On the 5th November 1854 a smaller British and (yes) French army beat off an assault by the Russians at Inkerman in the Crimea. It was known as “The Soldier’s Battle” as men fought small engagements due to poor visibility in dense fog.
The Russians had massed 32000 men on the Allied flank and headed for the 2700 man 2nd Division, commanded today by the aggressive Pennefather. Instead of falling back in the face of superior numbers, he advanced. The British had their rifles to thank this day as they took a terrible toll on the musket armed Russian Infantry, who were hemmed in by the valley’s bottle neck shape. The British 2nd Division pushed the Russians back onto their reinforcements and should have been routed by the Russians’ numbers, but the fog and the British Light Division saved them. Three successive Russian commanders were killed in this engagement.

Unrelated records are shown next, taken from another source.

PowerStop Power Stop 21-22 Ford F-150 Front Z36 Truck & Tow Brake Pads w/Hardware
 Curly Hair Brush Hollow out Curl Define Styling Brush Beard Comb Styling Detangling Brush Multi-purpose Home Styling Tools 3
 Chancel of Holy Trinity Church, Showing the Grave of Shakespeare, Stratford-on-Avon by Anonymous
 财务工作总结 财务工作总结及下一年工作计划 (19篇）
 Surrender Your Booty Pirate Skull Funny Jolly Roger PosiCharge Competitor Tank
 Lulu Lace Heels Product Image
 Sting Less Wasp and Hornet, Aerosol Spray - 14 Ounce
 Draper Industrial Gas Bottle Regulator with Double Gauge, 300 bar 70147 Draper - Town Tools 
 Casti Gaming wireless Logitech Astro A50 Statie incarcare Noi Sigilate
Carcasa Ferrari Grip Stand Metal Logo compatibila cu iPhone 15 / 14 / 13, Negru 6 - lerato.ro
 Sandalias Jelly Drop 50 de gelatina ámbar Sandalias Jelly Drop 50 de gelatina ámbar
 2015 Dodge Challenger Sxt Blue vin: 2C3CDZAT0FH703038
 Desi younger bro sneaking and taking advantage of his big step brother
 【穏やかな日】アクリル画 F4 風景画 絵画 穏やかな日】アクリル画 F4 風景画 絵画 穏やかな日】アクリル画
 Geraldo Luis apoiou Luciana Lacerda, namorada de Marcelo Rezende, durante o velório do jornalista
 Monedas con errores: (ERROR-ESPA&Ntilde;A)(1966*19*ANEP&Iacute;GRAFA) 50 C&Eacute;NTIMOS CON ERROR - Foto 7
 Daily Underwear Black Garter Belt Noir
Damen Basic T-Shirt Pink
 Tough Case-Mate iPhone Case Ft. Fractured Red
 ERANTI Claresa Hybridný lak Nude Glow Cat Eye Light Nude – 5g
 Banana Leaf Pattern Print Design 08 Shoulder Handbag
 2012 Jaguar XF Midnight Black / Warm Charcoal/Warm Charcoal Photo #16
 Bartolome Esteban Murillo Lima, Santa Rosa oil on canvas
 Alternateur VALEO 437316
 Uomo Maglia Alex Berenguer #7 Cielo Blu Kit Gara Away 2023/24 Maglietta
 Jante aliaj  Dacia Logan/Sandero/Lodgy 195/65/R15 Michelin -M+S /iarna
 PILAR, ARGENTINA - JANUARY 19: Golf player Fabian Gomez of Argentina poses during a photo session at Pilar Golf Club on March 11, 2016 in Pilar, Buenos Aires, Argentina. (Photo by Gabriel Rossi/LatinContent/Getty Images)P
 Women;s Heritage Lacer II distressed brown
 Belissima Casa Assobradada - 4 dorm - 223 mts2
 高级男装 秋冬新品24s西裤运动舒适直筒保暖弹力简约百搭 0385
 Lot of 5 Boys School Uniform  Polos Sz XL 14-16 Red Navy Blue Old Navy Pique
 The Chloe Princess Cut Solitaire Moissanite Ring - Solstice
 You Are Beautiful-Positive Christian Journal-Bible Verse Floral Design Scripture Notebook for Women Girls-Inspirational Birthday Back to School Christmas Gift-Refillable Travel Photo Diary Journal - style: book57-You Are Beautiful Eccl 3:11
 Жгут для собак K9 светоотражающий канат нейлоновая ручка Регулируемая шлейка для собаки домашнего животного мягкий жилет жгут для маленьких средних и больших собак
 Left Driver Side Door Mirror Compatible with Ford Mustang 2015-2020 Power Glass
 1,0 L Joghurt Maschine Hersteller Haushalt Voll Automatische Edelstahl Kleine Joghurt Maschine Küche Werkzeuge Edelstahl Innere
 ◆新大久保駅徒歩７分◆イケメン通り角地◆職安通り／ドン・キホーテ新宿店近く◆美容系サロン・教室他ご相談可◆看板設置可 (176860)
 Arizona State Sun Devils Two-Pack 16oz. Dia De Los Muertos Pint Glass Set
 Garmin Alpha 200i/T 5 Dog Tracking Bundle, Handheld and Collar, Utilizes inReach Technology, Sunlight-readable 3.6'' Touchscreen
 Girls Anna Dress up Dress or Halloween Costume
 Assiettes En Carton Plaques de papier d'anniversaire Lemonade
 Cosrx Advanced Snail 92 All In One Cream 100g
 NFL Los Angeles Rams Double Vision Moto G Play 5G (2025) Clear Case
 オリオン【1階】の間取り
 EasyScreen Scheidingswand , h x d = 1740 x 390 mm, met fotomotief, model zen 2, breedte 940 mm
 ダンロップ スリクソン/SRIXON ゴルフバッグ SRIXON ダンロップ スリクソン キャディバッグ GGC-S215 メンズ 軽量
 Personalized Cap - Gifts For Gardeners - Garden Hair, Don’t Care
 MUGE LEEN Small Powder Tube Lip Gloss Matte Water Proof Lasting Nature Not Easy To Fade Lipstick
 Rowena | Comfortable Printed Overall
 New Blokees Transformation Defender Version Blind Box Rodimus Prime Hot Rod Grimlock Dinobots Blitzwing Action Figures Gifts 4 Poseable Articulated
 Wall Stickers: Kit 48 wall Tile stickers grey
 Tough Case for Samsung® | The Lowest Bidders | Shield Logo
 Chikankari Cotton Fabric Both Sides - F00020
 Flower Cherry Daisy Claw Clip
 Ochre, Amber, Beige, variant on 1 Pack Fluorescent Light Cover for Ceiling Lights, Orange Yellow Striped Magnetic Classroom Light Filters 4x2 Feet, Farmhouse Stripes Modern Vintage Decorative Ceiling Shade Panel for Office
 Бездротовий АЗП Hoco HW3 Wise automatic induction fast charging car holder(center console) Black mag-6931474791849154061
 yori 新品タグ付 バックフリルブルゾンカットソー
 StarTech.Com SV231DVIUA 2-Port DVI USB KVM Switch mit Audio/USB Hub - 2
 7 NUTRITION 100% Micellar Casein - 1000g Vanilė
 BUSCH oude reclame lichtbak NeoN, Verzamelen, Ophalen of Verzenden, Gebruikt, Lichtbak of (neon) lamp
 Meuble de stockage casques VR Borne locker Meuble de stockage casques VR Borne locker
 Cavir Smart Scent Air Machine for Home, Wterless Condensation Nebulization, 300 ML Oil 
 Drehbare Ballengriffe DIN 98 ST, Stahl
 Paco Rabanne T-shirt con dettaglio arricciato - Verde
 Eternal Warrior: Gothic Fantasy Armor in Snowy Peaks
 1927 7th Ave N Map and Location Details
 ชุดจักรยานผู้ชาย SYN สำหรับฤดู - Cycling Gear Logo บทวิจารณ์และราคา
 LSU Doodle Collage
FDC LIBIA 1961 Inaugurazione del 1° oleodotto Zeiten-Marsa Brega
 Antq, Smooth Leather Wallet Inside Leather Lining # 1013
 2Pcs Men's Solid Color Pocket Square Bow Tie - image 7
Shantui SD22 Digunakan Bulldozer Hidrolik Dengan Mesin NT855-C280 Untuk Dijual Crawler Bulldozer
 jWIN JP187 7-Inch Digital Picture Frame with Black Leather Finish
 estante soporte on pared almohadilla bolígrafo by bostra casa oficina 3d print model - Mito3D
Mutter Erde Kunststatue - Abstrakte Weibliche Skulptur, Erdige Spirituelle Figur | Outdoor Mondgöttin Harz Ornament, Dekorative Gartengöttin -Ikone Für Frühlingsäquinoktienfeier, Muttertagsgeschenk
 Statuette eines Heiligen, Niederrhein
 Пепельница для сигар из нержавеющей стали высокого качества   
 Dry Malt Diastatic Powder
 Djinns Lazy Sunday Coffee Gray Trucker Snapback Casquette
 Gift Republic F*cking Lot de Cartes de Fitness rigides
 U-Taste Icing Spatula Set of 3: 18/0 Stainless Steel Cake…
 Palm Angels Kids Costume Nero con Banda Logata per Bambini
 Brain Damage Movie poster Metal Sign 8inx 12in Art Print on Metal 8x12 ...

The Russians other 15000 men approached and assailed the Sandbag Battery, but they were routed by 300 British defenders vaulting the wall, blunting the lead Battalions, who were then attacked in the flank. More Russian attacks ensured the Battery exchanged hands several times.
The British 4th Division was not as lucky. Arriving on the field, its flanking move was itself flanked and its commander, Cathcart, killed. This enabled the Russians to advance, but not for long. They were soon driven off by French units arriving from their camps and made no more headway.
The battle was lost and they had to withdraw.
This was the last time the Russians tried to defeat the Allied troops in the field. Despite this reverse, however, the Russian attack had seriously stalled the Allies from capturing Sevastopol. They had to instead, spend one harsh winter on the heights overlooking the city, before it fell in September of 1855.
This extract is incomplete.